3d printing

Data about 3D printing, with Python

I show you how I used Python to analyze the data from Thingiverse REST API, and I share more interesting facts I found, including rankings of 3D printable files.

Photo by Christian Englmeier / Unsplash

Recently, I published a post titled "What do people like to 3D print?" where I shared some insights about the different categories of files for 3D printing on Thingiverse.com.

I've been having fun playing with the data collected using a Python script, based on Requests and Thingiverse's REST API. If you are interested, you can see the code here.

In this post, I'll show you how I used Python to obtain the results I mentioned in the previous one and create the interactive charts that I used to represent them. Then, I will share some rankings of 3D printable files based on the number of likes, makes and comments, and interesting insights about the usage of Thingiverse over the years. Keep reading if you are into 3D printing! Or if you are curious about Python in general - most of the code I will be using applies to any Pandas data frame.

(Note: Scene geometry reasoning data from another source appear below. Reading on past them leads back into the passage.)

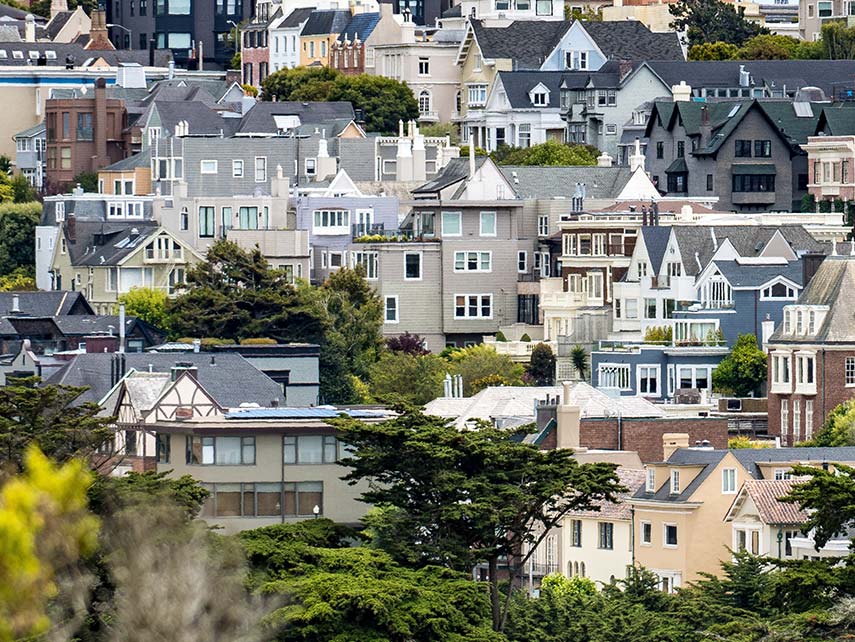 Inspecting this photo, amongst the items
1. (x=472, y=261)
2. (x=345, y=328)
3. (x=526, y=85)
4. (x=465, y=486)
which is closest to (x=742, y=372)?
→ (x=345, y=328)

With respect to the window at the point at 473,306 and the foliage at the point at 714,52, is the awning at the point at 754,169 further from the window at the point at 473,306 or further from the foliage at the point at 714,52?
the foliage at the point at 714,52

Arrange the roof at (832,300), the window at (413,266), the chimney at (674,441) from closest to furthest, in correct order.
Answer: the chimney at (674,441) → the roof at (832,300) → the window at (413,266)

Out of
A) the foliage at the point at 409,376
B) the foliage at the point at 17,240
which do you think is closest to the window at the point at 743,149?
the foliage at the point at 409,376

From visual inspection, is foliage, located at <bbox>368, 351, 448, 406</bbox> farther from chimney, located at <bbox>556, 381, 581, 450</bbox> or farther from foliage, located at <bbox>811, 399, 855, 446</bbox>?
chimney, located at <bbox>556, 381, 581, 450</bbox>

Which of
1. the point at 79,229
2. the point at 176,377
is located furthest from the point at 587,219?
the point at 176,377

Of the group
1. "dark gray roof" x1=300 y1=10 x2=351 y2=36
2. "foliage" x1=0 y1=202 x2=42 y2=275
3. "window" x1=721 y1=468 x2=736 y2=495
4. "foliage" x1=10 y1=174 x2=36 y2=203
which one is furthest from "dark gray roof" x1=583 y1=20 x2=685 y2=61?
"window" x1=721 y1=468 x2=736 y2=495

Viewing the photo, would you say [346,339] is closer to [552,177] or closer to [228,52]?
[552,177]
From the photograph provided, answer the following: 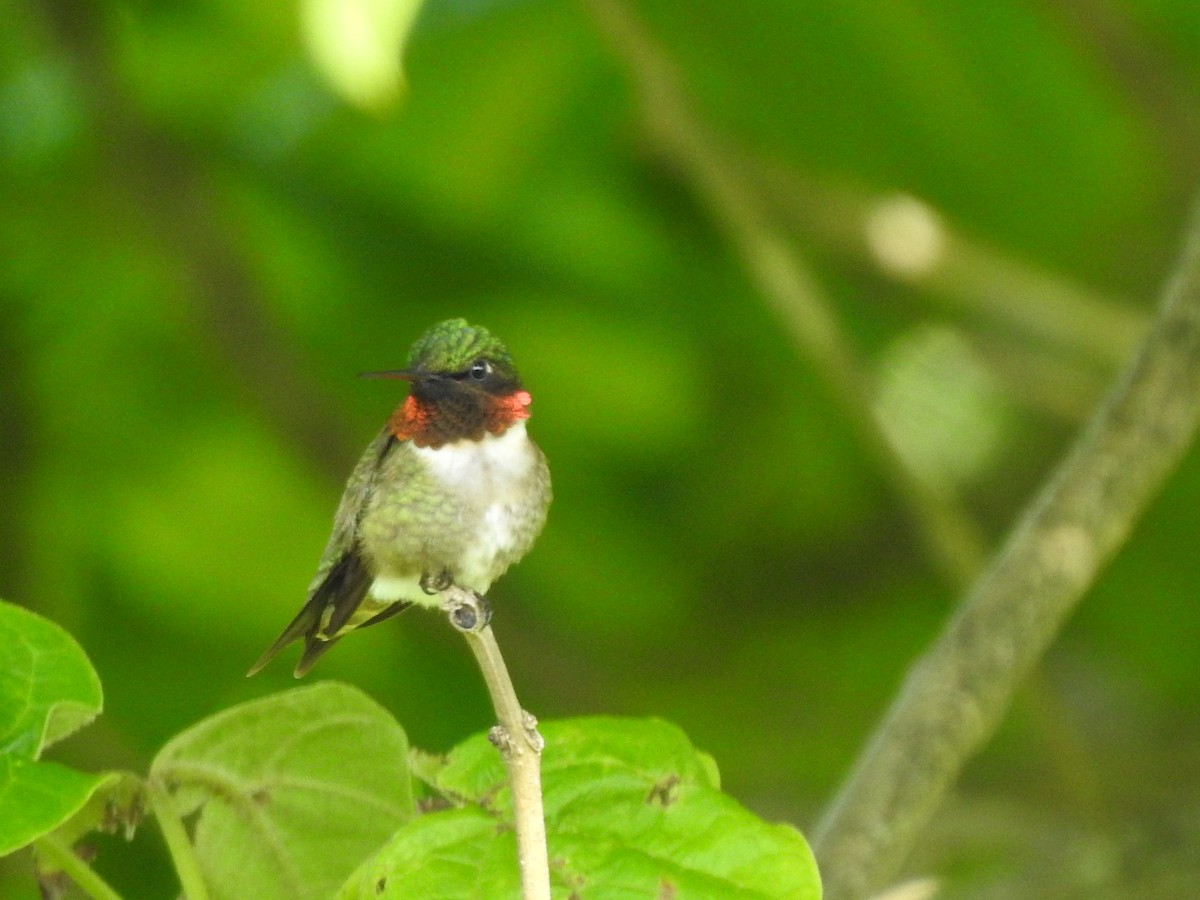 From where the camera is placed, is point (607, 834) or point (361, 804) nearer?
point (607, 834)

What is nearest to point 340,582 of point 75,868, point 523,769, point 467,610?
point 467,610

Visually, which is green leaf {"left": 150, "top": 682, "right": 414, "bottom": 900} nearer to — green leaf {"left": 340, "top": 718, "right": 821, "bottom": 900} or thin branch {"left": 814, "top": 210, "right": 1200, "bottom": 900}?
green leaf {"left": 340, "top": 718, "right": 821, "bottom": 900}

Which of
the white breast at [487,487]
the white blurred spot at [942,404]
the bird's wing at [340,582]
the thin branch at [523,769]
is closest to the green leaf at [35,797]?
the thin branch at [523,769]

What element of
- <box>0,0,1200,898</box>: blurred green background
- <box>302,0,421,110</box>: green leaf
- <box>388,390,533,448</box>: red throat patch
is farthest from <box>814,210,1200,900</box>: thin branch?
<box>0,0,1200,898</box>: blurred green background

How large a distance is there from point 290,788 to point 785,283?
191 centimetres

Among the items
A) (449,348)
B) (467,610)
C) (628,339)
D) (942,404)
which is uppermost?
(942,404)

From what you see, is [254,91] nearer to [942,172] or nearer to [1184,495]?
[942,172]

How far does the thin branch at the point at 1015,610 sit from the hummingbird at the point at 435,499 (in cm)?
58

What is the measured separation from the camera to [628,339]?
15.0ft

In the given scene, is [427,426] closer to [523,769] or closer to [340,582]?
[340,582]

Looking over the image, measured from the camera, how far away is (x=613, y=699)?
4.35 meters

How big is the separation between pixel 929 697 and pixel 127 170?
2.44 metres

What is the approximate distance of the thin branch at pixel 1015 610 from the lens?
2266mm

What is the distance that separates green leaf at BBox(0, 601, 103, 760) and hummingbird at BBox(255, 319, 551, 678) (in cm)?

If you are here for insights about Thingiverse data, jump to that section of the post.

Getting the data

Let's assume you used something like this python script to collect the data and store it locally on CSV files. I used tabs instead of commas as delimiters since some of the fields already had commas in them. For example, the name of some objects, like Christmas tree, snowflake profile. If you are wondering whether that is too much information to keep locally, my code saved a CSV file for all entries of each category, and the largest file was '3d-printing_bypopular.csv' occupying 156 Mb. Gathering the data from the whole site took me a couple of days of continuously running the script without turning my laptop off. I'm completely new to REST APIs and this is the first time I use one, so I had to do a bit of research online to learn how to get started. In case you are wondering, I'm sharing below some of the most relevant resources I used.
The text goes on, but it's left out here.